(Prompt)
The reply should hold only the lines from the one with "out tongue. Young" to the one with "living room featuring", both ends kept, exactly as they appear below, without any pictures.

*** Opening Data supplied ***

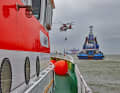 (2) Together with a rescue helicopter from NHC Northern Helicopter, the sea rescuers approach the tug "Fairplay 34" with the rescue cruiser EUGEN/Norderney station (l.) and the daughter boat EMMI of the rescue cruiser HANS HACKMACK after an assumed collision.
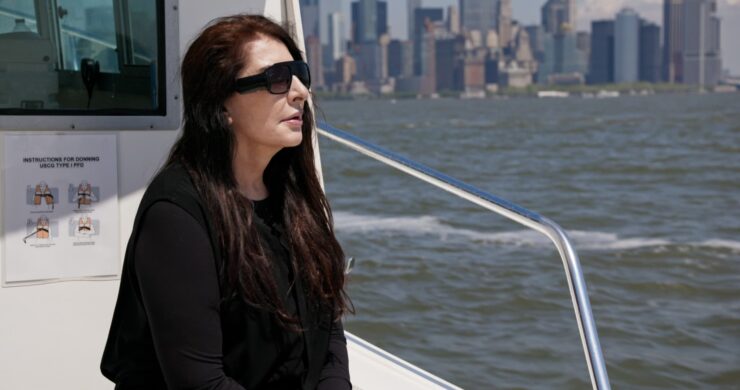 Frau mit langen dunklen Haaren und schwarzem Oberteil sitzt auf einem Boot mit Wasser und Stadt im Hintergrund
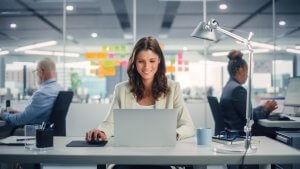 A woman is smiling and working on a laptop in a modern, open-plan office. She is seated at a desk with a lamp, a coffee cup, and a few documents. In the background, two colleagues are also working at their desks, with colorful sticky notes on the glass windows—a vibrant scene of productive employment.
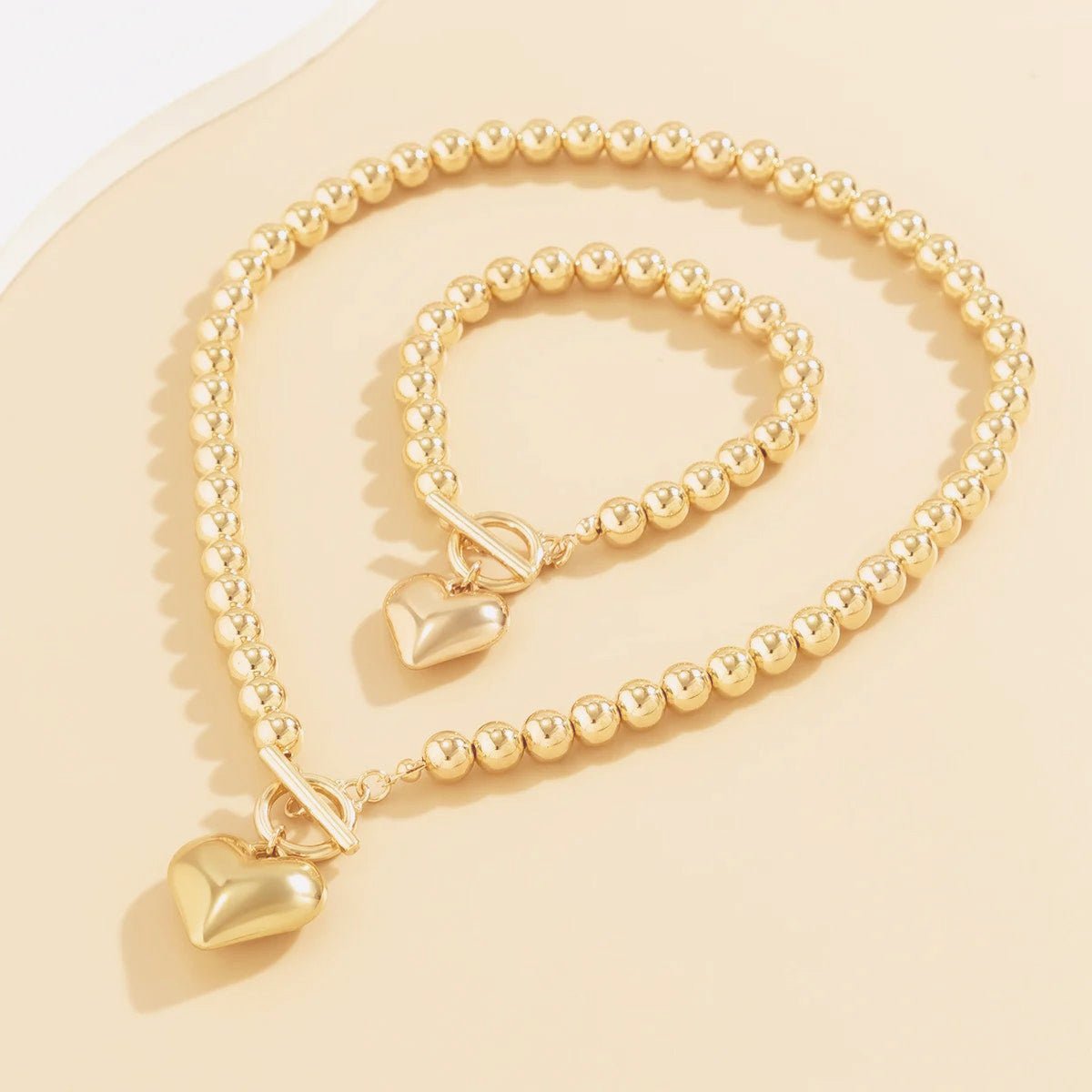 Set van armband en ketting met hartvormige hanger van 2 stuks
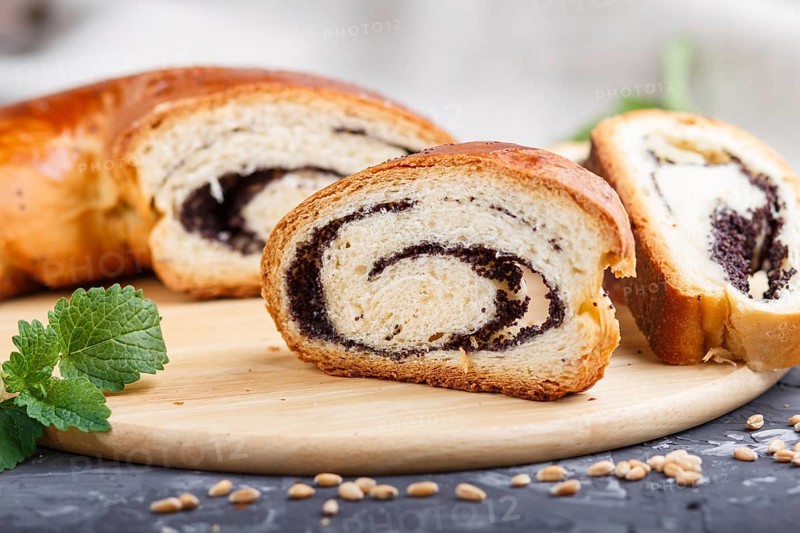 Homemade yeast rolls with poppy seeds and honey on a wooden kitchen board on a black concrete background. side view. close up, selective focus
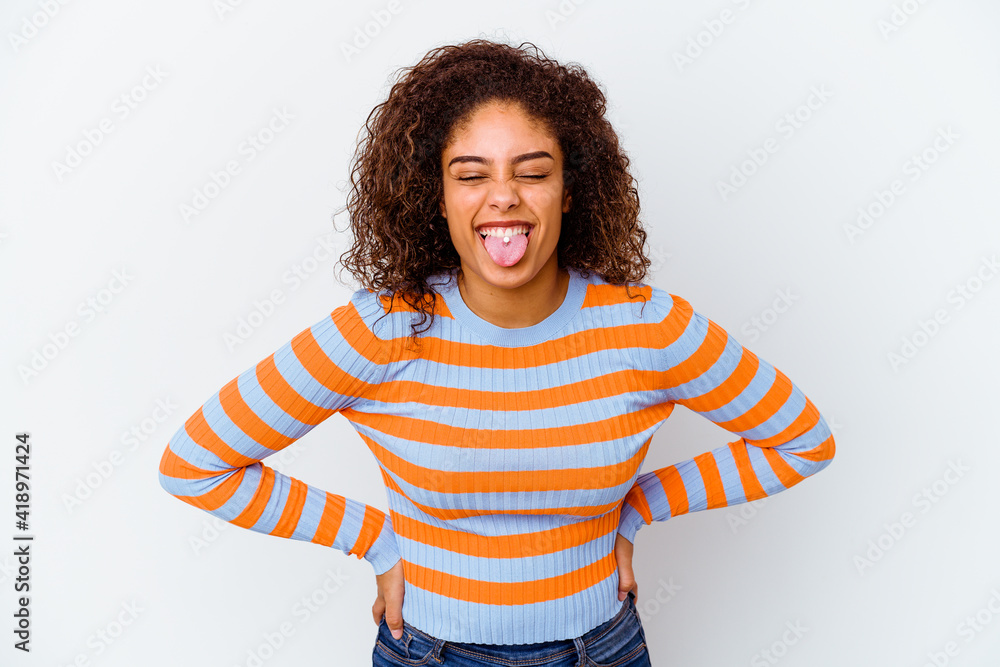 Young african american woman isolated on white background funny and friendly sticking out tongue. Young african american woman isolated on white background funny and friendly sticking out tongue.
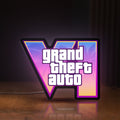Front view of GTA VI LED lightbox sign glowing on a wooden desk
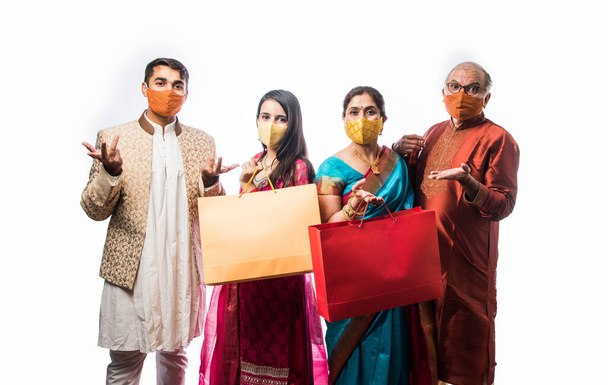 Fröhliche indische Familieneinkäufe zum Diwali-Fest oder zur Hochzeit mit Schutzmaske, isoliert auf weiß - Foto, Bild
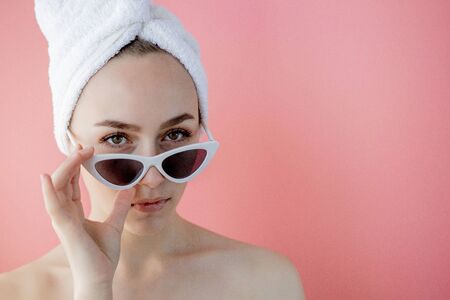 Beautiful young woman in glasses with a towel on her head after bath on pink background.の写真素材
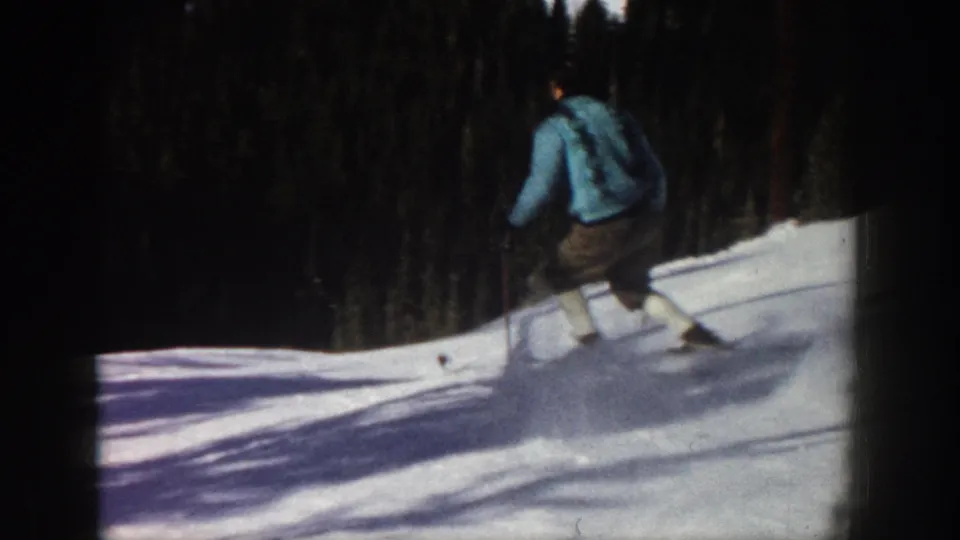 1961 Aspen home-movie frame showing a lone skier in a light blue jacket and brown pants using poles on a sunny snowy slope.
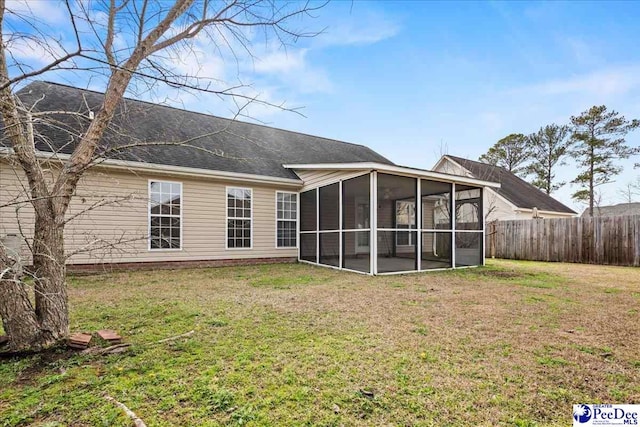 rear view of house with a yard, fence, and a sunroom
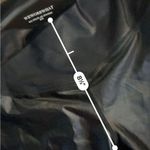 We Wore What  black sheen crossover leggings Photo 4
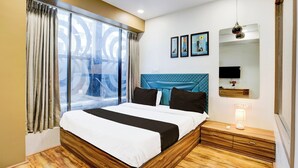 A hotel room with a large bed, a window with curtains, a headboard, a bedside table with a lamp, and wall-mounted artwork. - Collection O Vesu Surat (Surat)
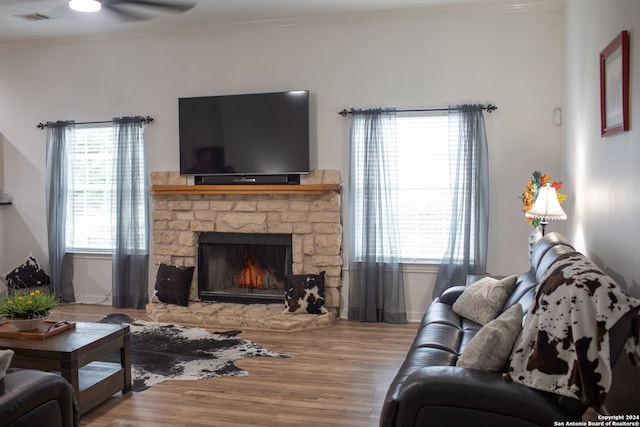 living room featuring a fireplace, crown molding, hardwood / wood-style floors, and ceiling fan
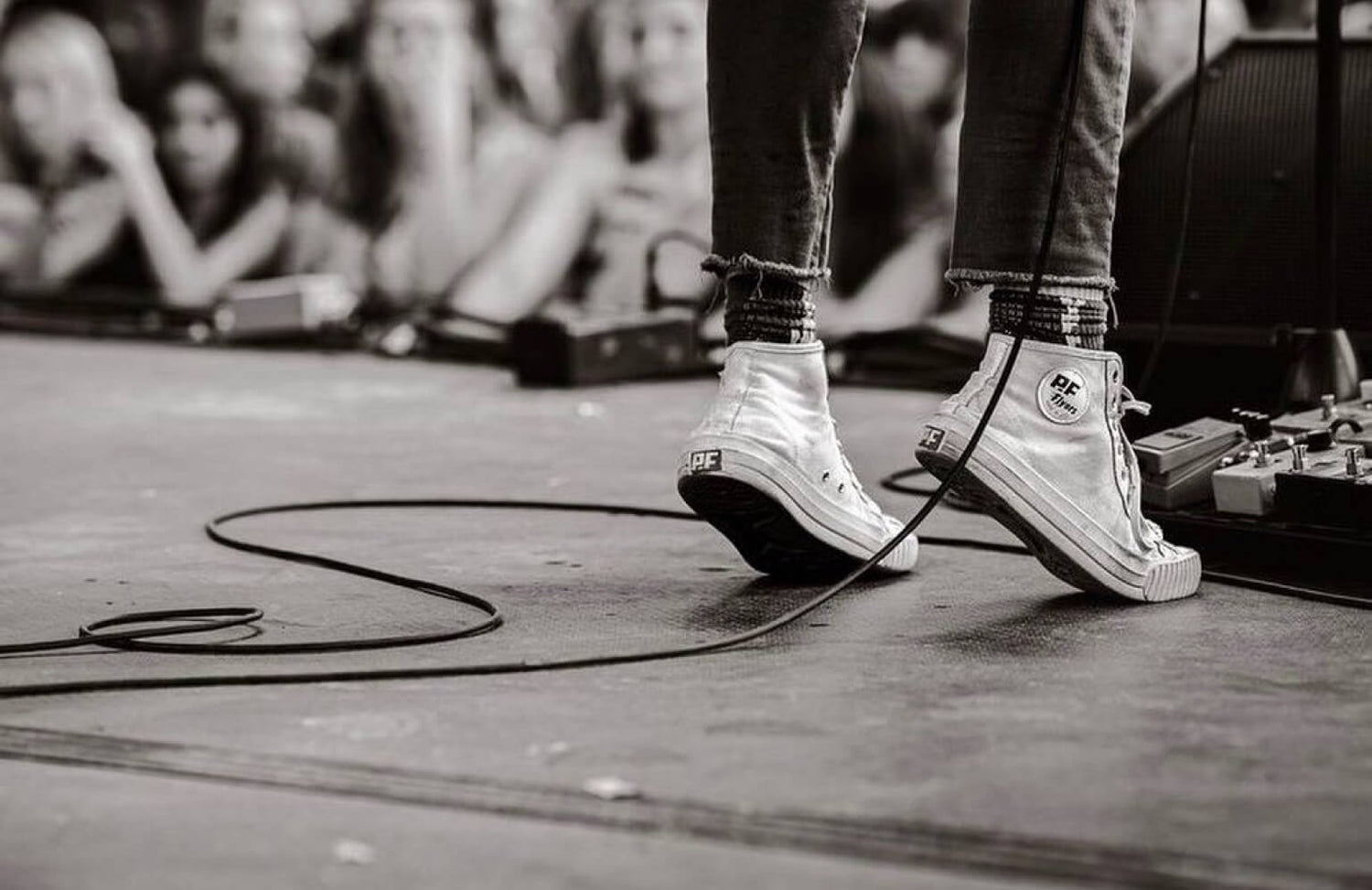 Guitarist wearing PF Flyers on stage at a concert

*** Closing Data supplied ***

(Response to this exercise)
 Young african american woman isolated on white background funny and friendly sticking out tongue. Young african american woman isolated on white background funny and friendly sticking out tongue.
Front view of GTA VI LED lightbox sign glowing on a wooden desk
 Fröhliche indische Familieneinkäufe zum Diwali-Fest oder zur Hochzeit mit Schutzmaske, isoliert auf weiß - Foto, Bild
 Beautiful young woman in glasses with a towel on her head after bath on pink background.の写真素材
 1961 Aspen home-movie frame showing a lone skier in a light blue jacket and brown pants using poles on a sunny snowy slope.
 rear view of house with a yard, fence, and a sunroom
 We Wore What  black sheen crossover leggings Photo 4
 A hotel room with a large bed, a window with curtains, a headboard, a bedside table with a lamp, and wall-mounted artwork. - Collection O Vesu Surat (Surat)
 living room featuring a fireplace, crown molding, hardwood / wood-style floors, and ceiling fan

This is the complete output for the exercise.